Reproduce, exactly and in full, only the lines below from the one containing "Image of a woodland" through the one containing "Tropiclean Perfectfur Detangling".

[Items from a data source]
○ ○ ○ ○

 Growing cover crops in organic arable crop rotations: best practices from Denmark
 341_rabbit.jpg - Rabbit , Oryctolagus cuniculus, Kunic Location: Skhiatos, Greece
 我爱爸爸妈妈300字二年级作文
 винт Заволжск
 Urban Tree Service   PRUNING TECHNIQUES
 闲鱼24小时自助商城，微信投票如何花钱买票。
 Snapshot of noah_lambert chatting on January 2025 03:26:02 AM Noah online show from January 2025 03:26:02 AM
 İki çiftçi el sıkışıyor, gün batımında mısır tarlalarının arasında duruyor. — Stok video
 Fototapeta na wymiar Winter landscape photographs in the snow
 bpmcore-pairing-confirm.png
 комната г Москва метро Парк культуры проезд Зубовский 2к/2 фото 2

○ ○ ○ ○

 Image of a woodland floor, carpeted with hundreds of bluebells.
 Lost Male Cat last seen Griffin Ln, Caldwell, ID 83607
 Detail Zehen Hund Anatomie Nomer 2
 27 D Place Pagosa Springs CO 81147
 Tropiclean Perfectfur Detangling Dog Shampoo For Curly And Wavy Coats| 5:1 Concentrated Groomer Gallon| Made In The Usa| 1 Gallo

○ ○ ○ ○

_ANSWER_.
 Image of a woodland floor, carpeted with hundreds of bluebells.
 Lost Male Cat last seen Griffin Ln, Caldwell, ID 83607
 Detail Zehen Hund Anatomie Nomer 2
 27 D Place Pagosa Springs CO 81147
 Tropiclean Perfectfur Detangling Dog Shampoo For Curly And Wavy Coats| 5:1 Concentrated Groomer Gallon| Made In The Usa| 1 Gallo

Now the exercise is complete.